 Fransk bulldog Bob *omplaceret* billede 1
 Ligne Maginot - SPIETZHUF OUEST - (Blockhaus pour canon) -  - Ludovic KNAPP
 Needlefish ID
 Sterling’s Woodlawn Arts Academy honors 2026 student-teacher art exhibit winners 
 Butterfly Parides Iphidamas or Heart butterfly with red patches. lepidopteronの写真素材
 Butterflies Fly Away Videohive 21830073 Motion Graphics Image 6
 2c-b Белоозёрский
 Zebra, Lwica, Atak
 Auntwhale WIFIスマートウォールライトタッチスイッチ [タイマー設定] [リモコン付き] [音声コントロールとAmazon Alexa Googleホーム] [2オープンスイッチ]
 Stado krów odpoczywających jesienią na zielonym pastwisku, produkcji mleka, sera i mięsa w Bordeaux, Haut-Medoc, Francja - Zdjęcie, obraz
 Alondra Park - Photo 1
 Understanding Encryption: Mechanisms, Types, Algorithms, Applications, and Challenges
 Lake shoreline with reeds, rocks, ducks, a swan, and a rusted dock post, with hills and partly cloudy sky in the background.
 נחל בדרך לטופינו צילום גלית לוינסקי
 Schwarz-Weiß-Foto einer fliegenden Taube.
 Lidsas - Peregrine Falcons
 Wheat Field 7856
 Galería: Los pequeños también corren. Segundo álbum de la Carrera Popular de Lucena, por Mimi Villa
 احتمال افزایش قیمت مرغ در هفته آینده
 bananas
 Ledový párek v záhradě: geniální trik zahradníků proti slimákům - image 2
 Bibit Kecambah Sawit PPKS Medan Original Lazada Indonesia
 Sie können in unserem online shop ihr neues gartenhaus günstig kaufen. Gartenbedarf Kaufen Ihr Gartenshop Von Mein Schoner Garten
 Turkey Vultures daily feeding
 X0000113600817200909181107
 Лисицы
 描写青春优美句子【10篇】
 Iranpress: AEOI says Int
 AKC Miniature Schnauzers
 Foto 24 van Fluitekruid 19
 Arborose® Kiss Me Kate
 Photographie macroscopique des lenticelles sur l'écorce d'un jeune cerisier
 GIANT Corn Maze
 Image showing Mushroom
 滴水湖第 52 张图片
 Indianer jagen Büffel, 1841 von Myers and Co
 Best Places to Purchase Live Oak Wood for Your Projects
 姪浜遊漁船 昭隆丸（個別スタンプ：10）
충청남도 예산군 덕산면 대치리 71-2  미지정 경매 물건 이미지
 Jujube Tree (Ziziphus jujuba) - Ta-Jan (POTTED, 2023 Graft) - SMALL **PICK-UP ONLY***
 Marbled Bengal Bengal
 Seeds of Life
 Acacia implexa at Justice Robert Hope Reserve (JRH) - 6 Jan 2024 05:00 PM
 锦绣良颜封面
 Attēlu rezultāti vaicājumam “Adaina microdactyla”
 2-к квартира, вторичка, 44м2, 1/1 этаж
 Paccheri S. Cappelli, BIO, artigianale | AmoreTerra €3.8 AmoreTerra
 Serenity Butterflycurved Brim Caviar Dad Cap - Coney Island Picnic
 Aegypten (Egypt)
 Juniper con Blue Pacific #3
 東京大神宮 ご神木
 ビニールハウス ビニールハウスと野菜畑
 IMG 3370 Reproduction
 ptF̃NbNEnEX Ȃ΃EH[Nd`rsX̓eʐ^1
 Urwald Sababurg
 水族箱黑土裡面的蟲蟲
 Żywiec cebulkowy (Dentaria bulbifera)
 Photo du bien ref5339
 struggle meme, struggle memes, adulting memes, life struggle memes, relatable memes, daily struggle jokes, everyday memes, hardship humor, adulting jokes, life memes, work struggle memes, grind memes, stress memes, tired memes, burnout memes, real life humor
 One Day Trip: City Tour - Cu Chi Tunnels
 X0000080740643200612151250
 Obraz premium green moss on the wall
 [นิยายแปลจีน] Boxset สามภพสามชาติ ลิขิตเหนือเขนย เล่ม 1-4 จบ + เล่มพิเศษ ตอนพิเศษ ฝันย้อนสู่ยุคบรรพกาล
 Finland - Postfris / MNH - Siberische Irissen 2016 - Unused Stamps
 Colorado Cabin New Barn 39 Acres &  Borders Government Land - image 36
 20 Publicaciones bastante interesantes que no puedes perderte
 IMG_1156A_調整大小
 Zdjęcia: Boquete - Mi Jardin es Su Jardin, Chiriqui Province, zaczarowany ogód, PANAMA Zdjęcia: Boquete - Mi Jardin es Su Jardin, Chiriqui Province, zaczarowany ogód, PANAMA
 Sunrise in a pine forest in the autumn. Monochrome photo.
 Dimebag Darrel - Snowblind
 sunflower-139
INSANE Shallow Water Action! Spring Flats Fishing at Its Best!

#### [Task brief]
Each entry above, in full, should be output exactly as it reads.

#### [Response to the task]
 Fransk bulldog Bob *omplaceret* billede 1
 Ligne Maginot - SPIETZHUF OUEST - (Blockhaus pour canon) -  - Ludovic KNAPP
 Needlefish ID
 Sterling’s Woodlawn Arts Academy honors 2026 student-teacher art exhibit winners 
 Butterfly Parides Iphidamas or Heart butterfly with red patches. lepidopteronの写真素材
 Butterflies Fly Away Videohive 21830073 Motion Graphics Image 6
 2c-b Белоозёрский
 Zebra, Lwica, Atak
 Auntwhale WIFIスマートウォールライトタッチスイッチ [タイマー設定] [リモコン付き] [音声コントロールとAmazon Alexa Googleホーム] [2オープンスイッチ]
 Stado krów odpoczywających jesienią na zielonym pastwisku, produkcji mleka, sera i mięsa w Bordeaux, Haut-Medoc, Francja - Zdjęcie, obraz
 Alondra Park - Photo 1
 Understanding Encryption: Mechanisms, Types, Algorithms, Applications, and Challenges
 Lake shoreline with reeds, rocks, ducks, a swan, and a rusted dock post, with hills and partly cloudy sky in the background.
 נחל בדרך לטופינו צילום גלית לוינסקי
 Schwarz-Weiß-Foto einer fliegenden Taube.
 Lidsas - Peregrine Falcons
 Wheat Field 7856
 Galería: Los pequeños también corren. Segundo álbum de la Carrera Popular de Lucena, por Mimi Villa
 احتمال افزایش قیمت مرغ در هفته آینده
 bananas
 Ledový párek v záhradě: geniální trik zahradníků proti slimákům - image 2
 Bibit Kecambah Sawit PPKS Medan Original Lazada Indonesia
 Sie können in unserem online shop ihr neues gartenhaus günstig kaufen. Gartenbedarf Kaufen Ihr Gartenshop Von Mein Schoner Garten
 Turkey Vultures daily feeding
 X0000113600817200909181107
 Лисицы
 描写青春优美句子【10篇】
 Iranpress: AEOI says Int
 AKC Miniature Schnauzers
 Foto 24 van Fluitekruid 19
 Arborose® Kiss Me Kate
 Photographie macroscopique des lenticelles sur l'écorce d'un jeune cerisier
 GIANT Corn Maze
 Image showing Mushroom
 滴水湖第 52 张图片
 Indianer jagen Büffel, 1841 von Myers and Co
 Best Places to Purchase Live Oak Wood for Your Projects
 姪浜遊漁船 昭隆丸（個別スタンプ：10）
충청남도 예산군 덕산면 대치리 71-2  미지정 경매 물건 이미지
 Jujube Tree (Ziziphus jujuba) - Ta-Jan (POTTED, 2023 Graft) - SMALL **PICK-UP ONLY***
 Marbled Bengal Bengal
 Seeds of Life
 Acacia implexa at Justice Robert Hope Reserve (JRH) - 6 Jan 2024 05:00 PM
 锦绣良颜封面
 Attēlu rezultāti vaicājumam “Adaina microdactyla”
 2-к квартира, вторичка, 44м2, 1/1 этаж
 Paccheri S. Cappelli, BIO, artigianale | AmoreTerra €3.8 AmoreTerra
 Serenity Butterflycurved Brim Caviar Dad Cap - Coney Island Picnic
 Aegypten (Egypt)
 Juniper con Blue Pacific #3
 東京大神宮 ご神木
 ビニールハウス ビニールハウスと野菜畑
 IMG 3370 Reproduction
 ptF̃NbNEnEX Ȃ΃EH[Nd`rsX̓eʐ^1
 Urwald Sababurg
 水族箱黑土裡面的蟲蟲
 Żywiec cebulkowy (Dentaria bulbifera)
 Photo du bien ref5339
 struggle meme, struggle memes, adulting memes, life struggle memes, relatable memes, daily struggle jokes, everyday memes, hardship humor, adulting jokes, life memes, work struggle memes, grind memes, stress memes, tired memes, burnout memes, real life humor
 One Day Trip: City Tour - Cu Chi Tunnels
 X0000080740643200612151250
 Obraz premium green moss on the wall
 [นิยายแปลจีน] Boxset สามภพสามชาติ ลิขิตเหนือเขนย เล่ม 1-4 จบ + เล่มพิเศษ ตอนพิเศษ ฝันย้อนสู่ยุคบรรพกาล
 Finland - Postfris / MNH - Siberische Irissen 2016 - Unused Stamps
 Colorado Cabin New Barn 39 Acres &  Borders Government Land - image 36
 20 Publicaciones bastante interesantes que no puedes perderte
 IMG_1156A_調整大小
 Zdjęcia: Boquete - Mi Jardin es Su Jardin, Chiriqui Province, zaczarowany ogód, PANAMA Zdjęcia: Boquete - Mi Jardin es Su Jardin, Chiriqui Province, zaczarowany ogód, PANAMA
 Sunrise in a pine forest in the autumn. Monochrome photo.
 Dimebag Darrel - Snowblind
 sunflower-139
INSANE Shallow Water Action! Spring Flats Fishing at Its Best!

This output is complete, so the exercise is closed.